At maximum warp, starting now, and considering the fact that the Maquis had almost a week head start but also that the Maquis had only shuttles, Voyager would be close to the Maquis within two days, optimistically .

And then the escaped Maquis would wish very badly that they never tried to take Voyager away from her rightful Captain.

8

"That's awfully destructive," mused Ken Dalby as neutrally as he could, not lifting his eyes from their spot on the sensor screen.

"That's the point," snorted Henley from her seat beside him.

Ken could feel the eyes of every Maquis in the shuttle land on him, and he was more than certain that although the small shuttle view screen only showed a few of the passengers on the other shuttles, they were all listening to him.

"What I mean," he asserted, looking up, "Is that if we pick up from that point in Plan E Voyager is going to take a real beating.
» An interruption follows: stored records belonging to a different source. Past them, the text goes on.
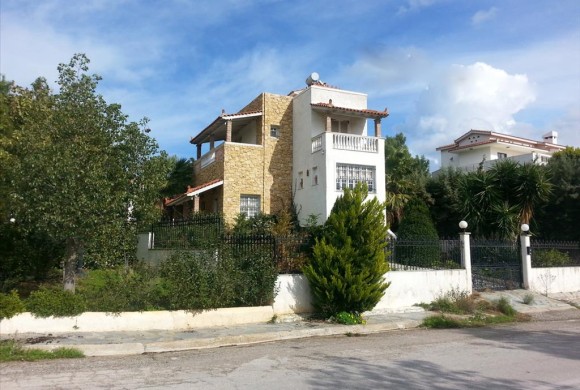 House for sale in Rest of Attica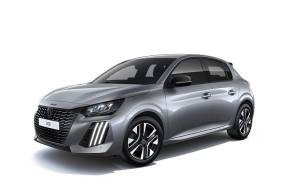 PEUGEOT 208 HATCHBACK at Peter Ambrose Castleford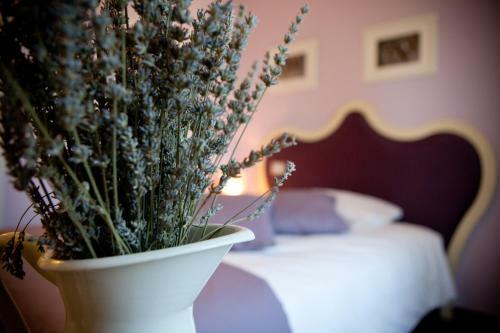 Hostal Locanda Alla Mano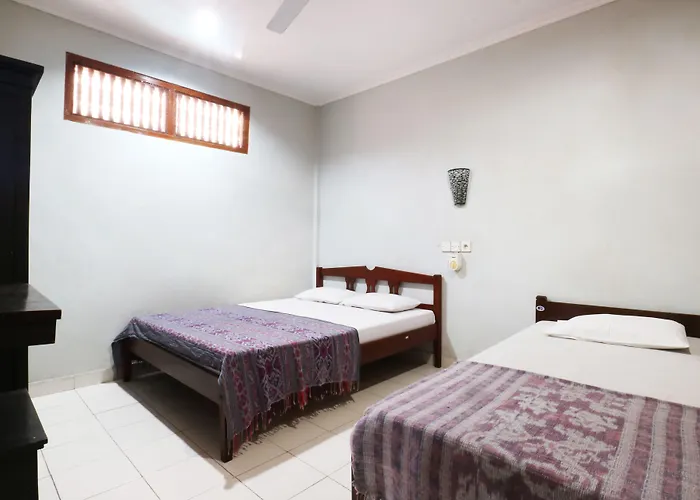 Guest house Taman Mekar *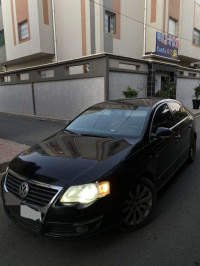 voitures-volkswagen-passat-2009-b6-dar-el-beida-alger-algerie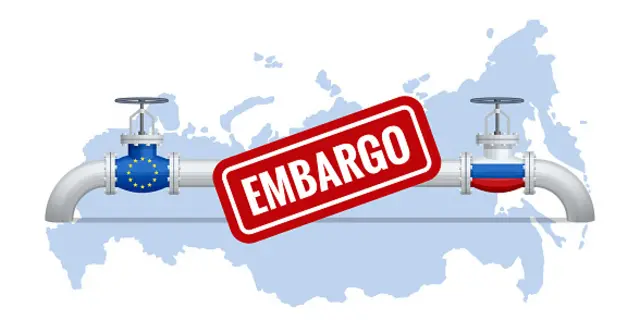 embargo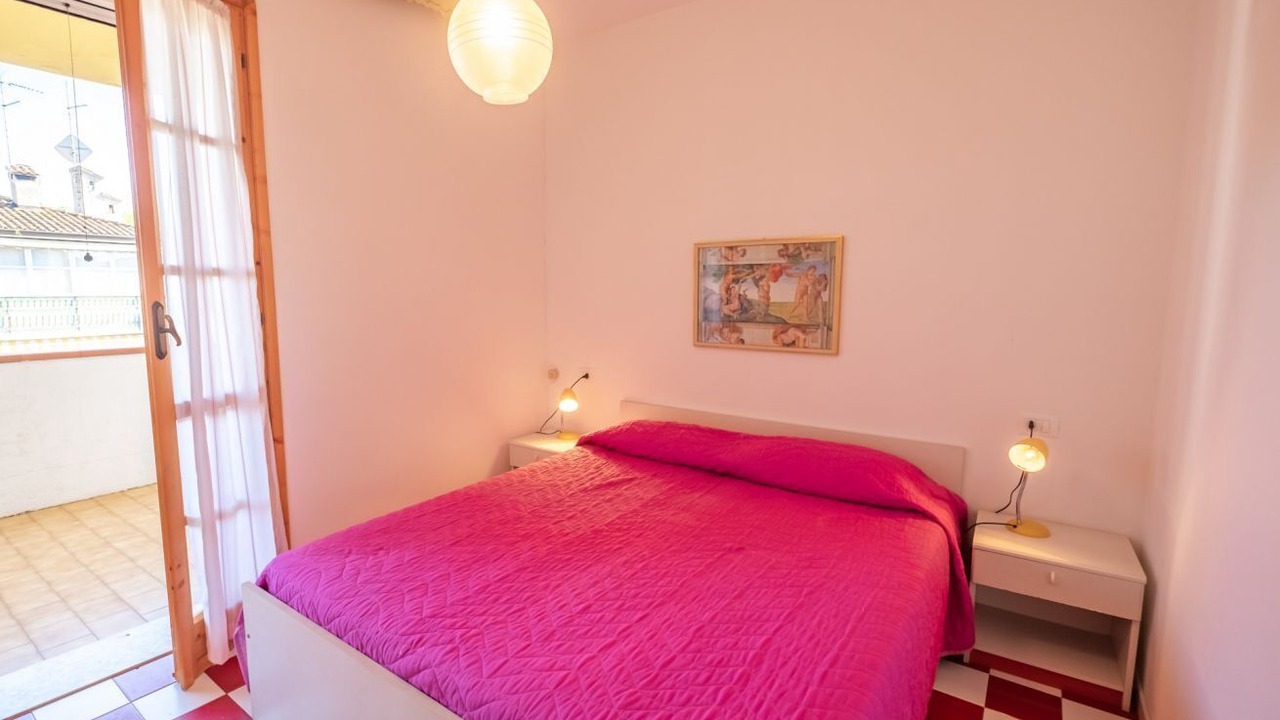 Photo of Bedroom in Lido delle Nazioni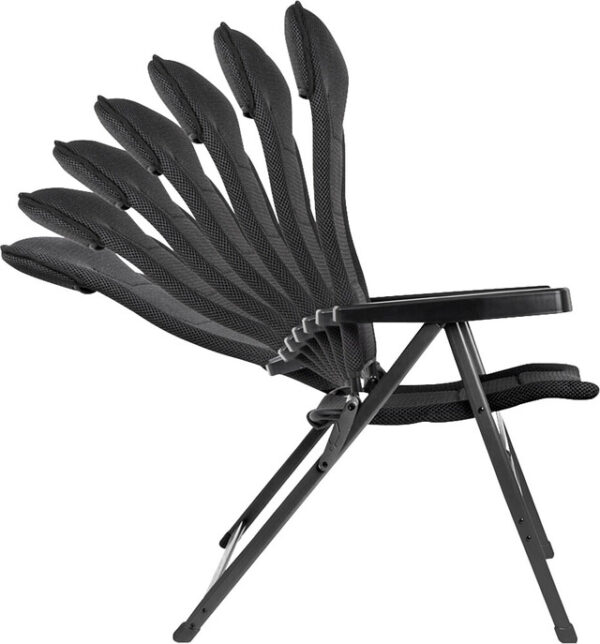 Klappstuhl BRUNNER ARAVEL VITACHIC L – Bild 2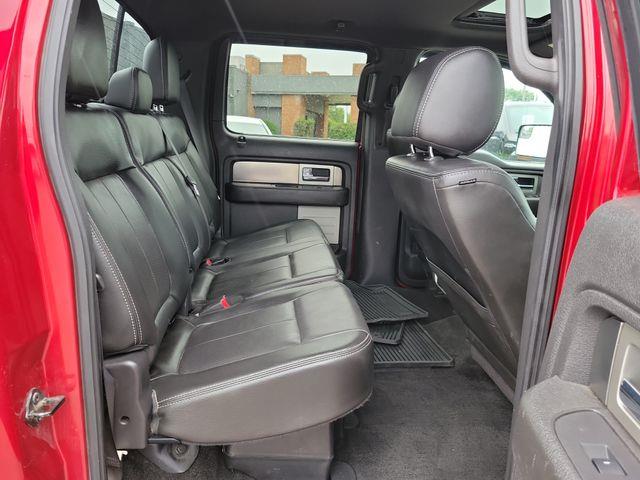 2014 Ford F-150 - $11,817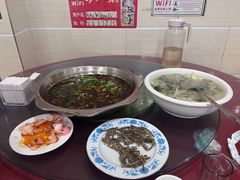 -临江后街鳝丝(临江店)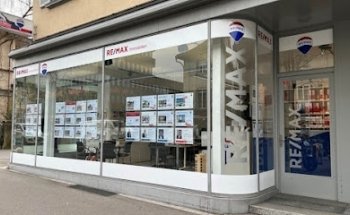 REMAX Immobilien in Kreuzlingen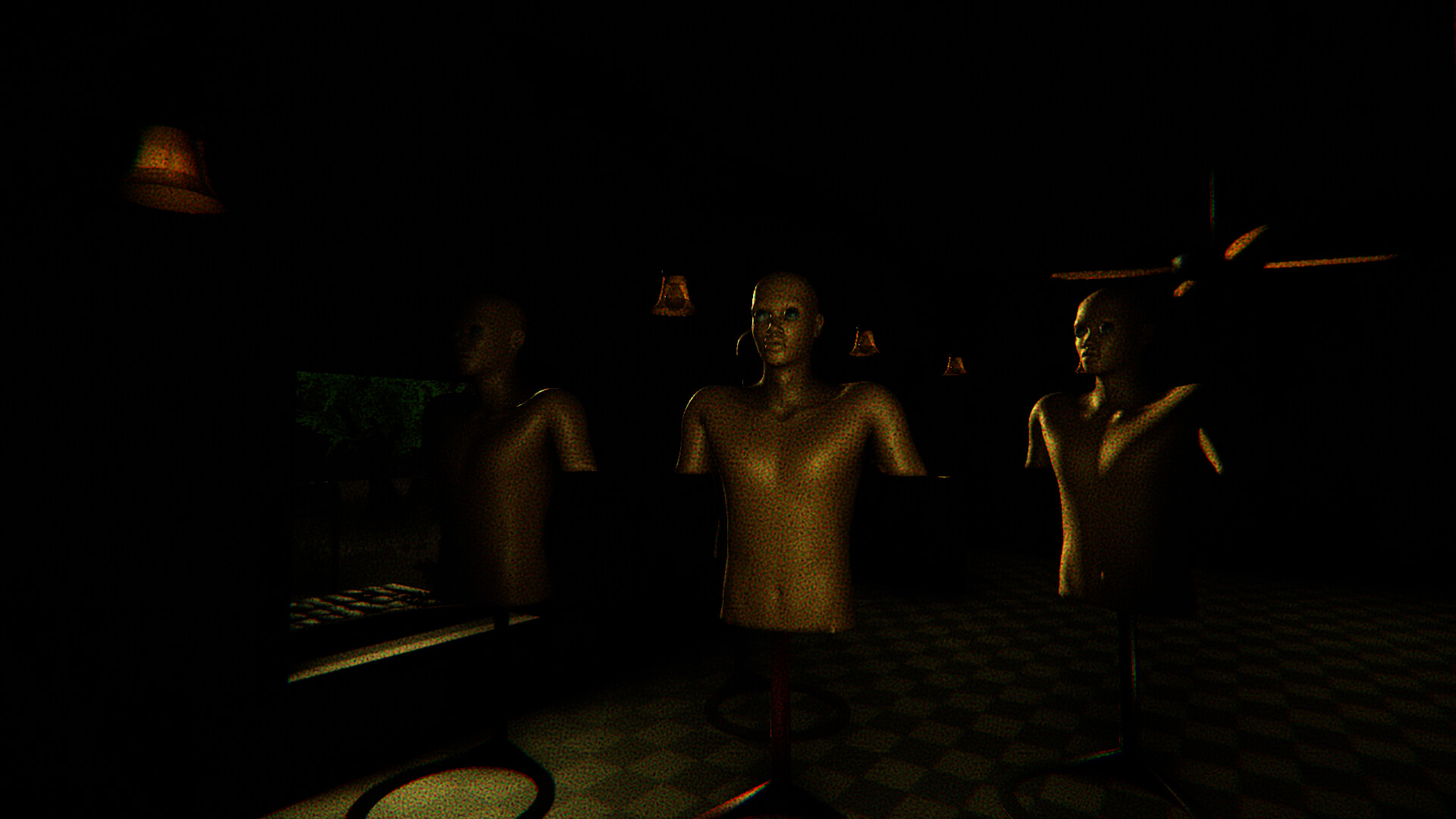 Little Town Secrets screenshot #3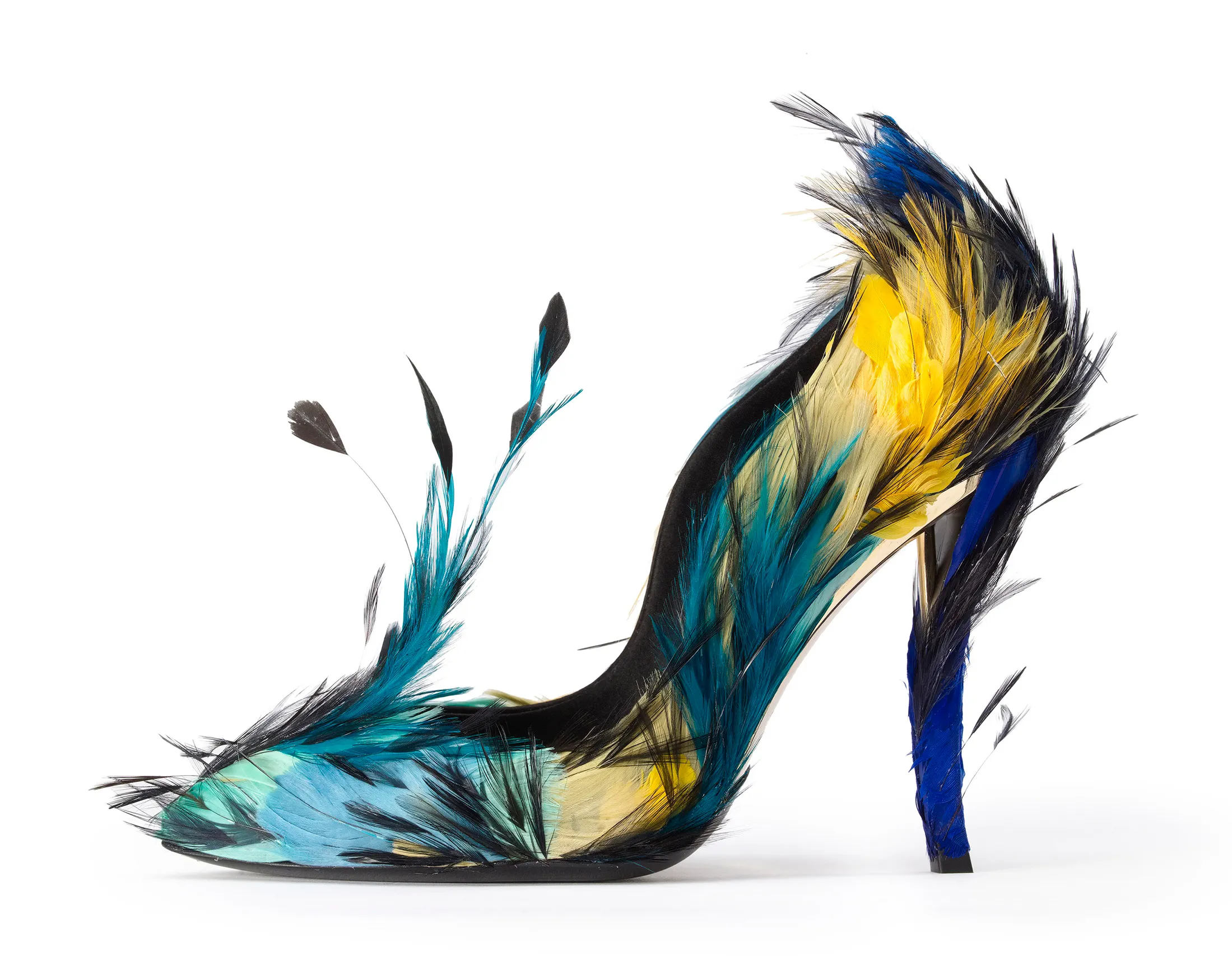 Giám đốc sáng tạo Bruno Frisoni rời khỏi thương hiệu Roger Vivier sau 16 năm gắn bó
If we go through with that, it's going to be so much work to repair it all. It's not very far from destroying Voyager completely."

Chakotay stared at him, hard.

"There is a great amount of destruction in that scenario," he admitted. "How would you suggest we change it?"

"We don't use all of the step from Plan E. Localized destruction in Engineering and the Bridge. Less mess for us and it probably will kill everyone there."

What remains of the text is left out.